This indulgent Honey Pepper Chicken Mac and Cheese combines creamy, cheesy pasta with tender, sweet-and-spicy honey-pepper glazed chicken, creating a comforting and uniquely flavorful meal. It’s the ultimate fusion of classic comfort food with an exciting new twist.

Ingredients

Scale
  • 1 pound elbow macaroni
  • 1 tablespoon olive oil
  • 1.5 pounds boneless, skinless chicken breasts or thighs, cut into 1-inch cubes
  • ½ teaspoon garlic powder
  • ½ teaspoon onion powder
  • Salt and freshly cracked black pepper, to taste
  • ¼ cup unsalted butter
  • ¼ cup all-purpose flour
  • 3 cups whole milk
  • 2 cups shredded sharp cheddar cheese
  • 1 cup shredded Monterey Jack cheese
  • ½ cup honey
  • 3 tablespoons low-sodium soy sauce
  • 2 tablespoons freshly cracked black pepper (or more, to taste)
  • 1 tablespoon cornstarch
  • 1 tablespoon cold water
  • Sliced green onions, for garnish (optional)

Instructions

  1. Cook Pasta: Bring a large pot of salted water to a boil. Add elbow macaroni and cook according to package directions until al dente. Drain and set aside.
  2. Prepare & Cook Chicken: While pasta cooks, season the chicken cubes with garlic powder, onion powder, salt, and pepper. Heat olive oil in a large skillet or Dutch oven over medium-high heat. Add chicken and cook until browned and cooked through, about 5-7 minutes. Remove chicken from the skillet and set aside.
  3. Make Cheese Sauce: In the same skillet (no need to clean), melt butter over medium heat. Whisk in flour and cook for 1 minute, stirring constantly, to create a roux. Gradually whisk in milk until smooth.

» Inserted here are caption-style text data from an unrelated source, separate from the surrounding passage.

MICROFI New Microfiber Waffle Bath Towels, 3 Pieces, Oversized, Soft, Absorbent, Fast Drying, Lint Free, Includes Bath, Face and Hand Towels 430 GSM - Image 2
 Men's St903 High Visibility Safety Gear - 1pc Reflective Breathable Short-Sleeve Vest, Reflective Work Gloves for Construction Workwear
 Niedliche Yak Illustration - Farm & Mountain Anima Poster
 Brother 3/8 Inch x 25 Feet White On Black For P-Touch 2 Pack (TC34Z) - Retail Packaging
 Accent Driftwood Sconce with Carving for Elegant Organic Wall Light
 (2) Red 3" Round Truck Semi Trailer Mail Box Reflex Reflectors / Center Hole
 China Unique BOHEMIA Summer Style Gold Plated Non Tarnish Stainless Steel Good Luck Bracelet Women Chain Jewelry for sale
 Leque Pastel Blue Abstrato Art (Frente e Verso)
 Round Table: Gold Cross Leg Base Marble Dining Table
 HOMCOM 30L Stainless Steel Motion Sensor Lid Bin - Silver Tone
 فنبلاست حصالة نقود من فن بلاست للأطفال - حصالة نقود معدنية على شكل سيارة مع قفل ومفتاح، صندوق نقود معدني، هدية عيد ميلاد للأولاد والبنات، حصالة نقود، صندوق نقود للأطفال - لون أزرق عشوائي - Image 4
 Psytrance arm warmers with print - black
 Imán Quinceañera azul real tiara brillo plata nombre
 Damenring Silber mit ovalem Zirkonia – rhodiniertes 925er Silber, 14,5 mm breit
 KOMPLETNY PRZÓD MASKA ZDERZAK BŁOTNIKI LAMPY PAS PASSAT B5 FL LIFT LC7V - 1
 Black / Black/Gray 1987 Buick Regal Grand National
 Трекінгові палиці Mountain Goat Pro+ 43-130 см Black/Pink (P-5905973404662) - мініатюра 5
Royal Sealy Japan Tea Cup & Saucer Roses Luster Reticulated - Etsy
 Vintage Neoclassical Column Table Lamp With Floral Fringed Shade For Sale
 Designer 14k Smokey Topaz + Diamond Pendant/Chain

Bring to a gentle simmer, stirring frequently, until the sauce thickens slightly.
  4. Add Cheese: Remove from heat and gradually stir in shredded cheddar and Monterey Jack cheese until completely melted and smooth. Season with salt and black pepper to taste.
  5. Make Honey Pepper Glaze: In a small bowl, whisk together honey, soy sauce, and 2 tablespoons of freshly cracked black pepper. In another small bowl, dissolve cornstarch in 1 tablespoon of cold water to create a slurry.
  6. Glaze Chicken: Return the cooked chicken to the skillet. Pour the honey pepper mixture over the chicken. Bring to a simmer, then whisk in the cornstarch slurry. Cook, stirring, until the sauce thickens and coats the chicken, about 1-2 minutes.
  7. Combine: Add the cooked macaroni to the cheese sauce and stir to combine. Gently fold in the honey pepper glazed chicken.
  8. Serve: Serve immediately, garnished with additional fresh cracked black pepper and sliced green onions, if desired.

Notes

For an extra crispy topping, transfer the finished mac and cheese to a baking dish, top with a mixture of panko breadcrumbs and melted butter, and bake at 375°F (190°C) for 15-20 minutes, or until golden brown and bubbly.